Stories About Mistakes and Growth
Some of the most valuable stories in your memoir will come from the times you were wrong, not in dramatic or catastrophic ways, but in ordinary, human ways, when an assumption didn’t hold up or when you made a decision for the wrong reasons.
These stories matter because they show your thinking in motion. They demonstrate that leadership isn’t about having all the answers—it’s about staying open to change when new conditions emerge.
Here’s a strong example from Howard Schultz’s memoir Onward:
“For years, I believed that rapid growth was the clearest sign of success. But after returning to Starbucks as CEO during its decline, I saw how that mindset had led us to compromise quality and culture. I had to admit that I was wrong—and that realization became the foundation for rebuilding the company the right way.”
What belief did you carry for years before something changed your perspective? That story might be more valuable than any success story you could tell.

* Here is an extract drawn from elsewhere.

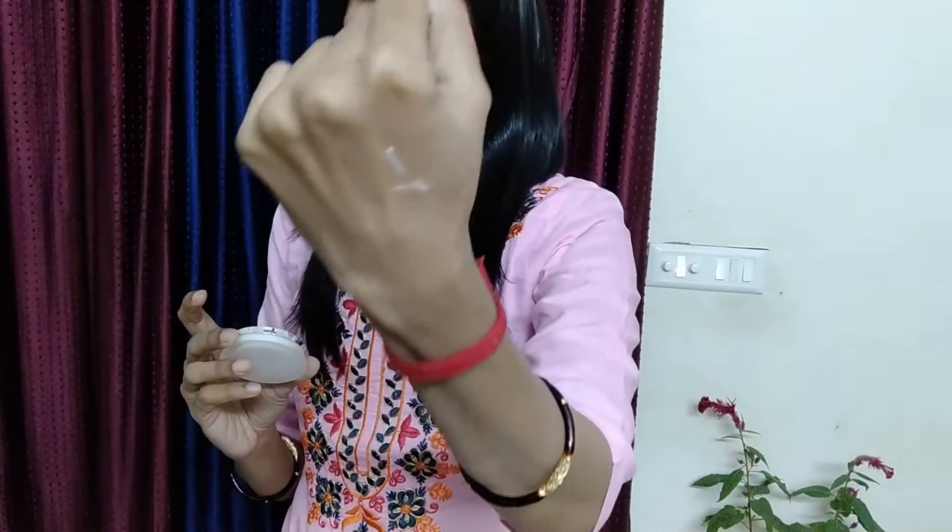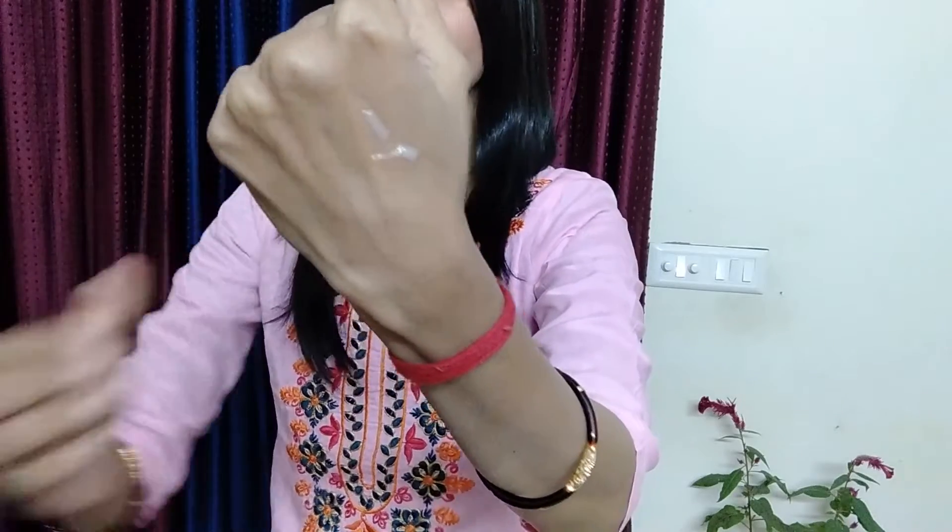If you want it, you can definitely try it out. It is free of cost, and it is a very good fragrance. It is not a runny consistency — it is a very rich fragrance, and it will sink into your skin very well.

The value of choosing a different path.
Success is often measured by progress, but progress in the wrong direction can cost more than it gives. Sometimes it takes a moment of crisis to make us stop, and that’s when meaningful shifts can begin. In Thrive, Arianna Huffington describes one such moment, an experience that made her question everything she thought success was:
“I had just returned from yet another business trip when I collapsed from exhaustion, literally hitting my head on my desk. In that moment, I realized success wasn’t just about money or power. It was about well-being, wisdom, and purpose. That fall didn’t make the headlines, but it changed everything.”

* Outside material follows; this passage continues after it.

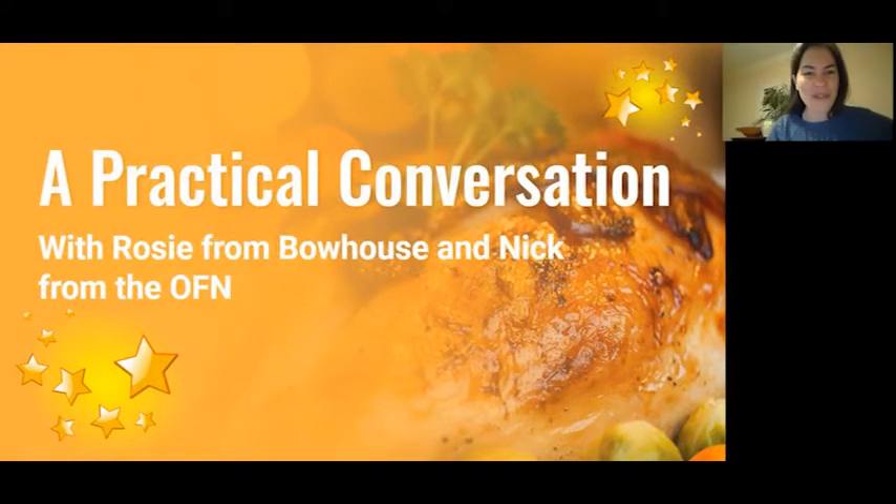Right, so we can move to Nick and Rosie's conversation. It's going to be a practical conversation about the challenges of actually running your pre-Christmas market both online and offline. So, you ready to go? Ready. Rosie, all set?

Use Real Examples to Make Your Point
Generic leadership advice sounds like this:
“Communicate clearly with your team.”
Instead, a real story sounds like this:
“I realized I was losing my best people not because of salary or workload, but because I was so focused on efficiency that I’d stopped seeing them as individuals. The shift happened in a meeting with my marketing director when she said something that stopped me cold…”
The first version gives information. The second gives understanding.
That’s the difference between teaching principles and sharing experience. Principles are useful, but experience is memorable.
The Outcomes You Didn’t Expect
If you’re wondering which stories or details to include, consider when reality turned out differently from your plans. The outcomes you didn’t expect. The reactions that caught you off guard. The solutions came from unexpected circumstances.
Surprise often signals significance. If something caught you off guard, it probably contained a lesson you didn’t know you needed to learn. And if it taught you something, it can teach someone else something too.
Here’s an example from Bob Iger’s memoir The Ride of a Lifetime that captures the essence of “The outcomes you didn’t expect”:
“I never expected Steve Jobs to call me and suggest that Disney acquire Pixar. At the time, our relationship was still developing, and I thought the idea would come much later, if at all. But that unexpected call led to one of the most defining partnerships of my career. It taught me that staying open to surprise often opens the door to extraordinary opportunities.”